About this task: Take the entries below and print, exactly, the stretch from the line containing "Lehenga Choli With Dupatta 🦋💗✨💙" through the line containing "new 2024 Honda", both included.

=== Source records ===

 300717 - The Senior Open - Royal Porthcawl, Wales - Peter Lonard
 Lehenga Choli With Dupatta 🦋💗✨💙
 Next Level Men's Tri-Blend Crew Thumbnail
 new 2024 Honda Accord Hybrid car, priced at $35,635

===
=== Source records ===

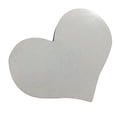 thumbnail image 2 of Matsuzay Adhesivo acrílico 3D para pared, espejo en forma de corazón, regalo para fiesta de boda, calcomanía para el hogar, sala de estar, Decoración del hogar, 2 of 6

===

Solution to the problem:
 Lehenga Choli With Dupatta 🦋💗✨💙
 Next Level Men's Tri-Blend Crew Thumbnail
 new 2024 Honda Accord Hybrid car, priced at $35,635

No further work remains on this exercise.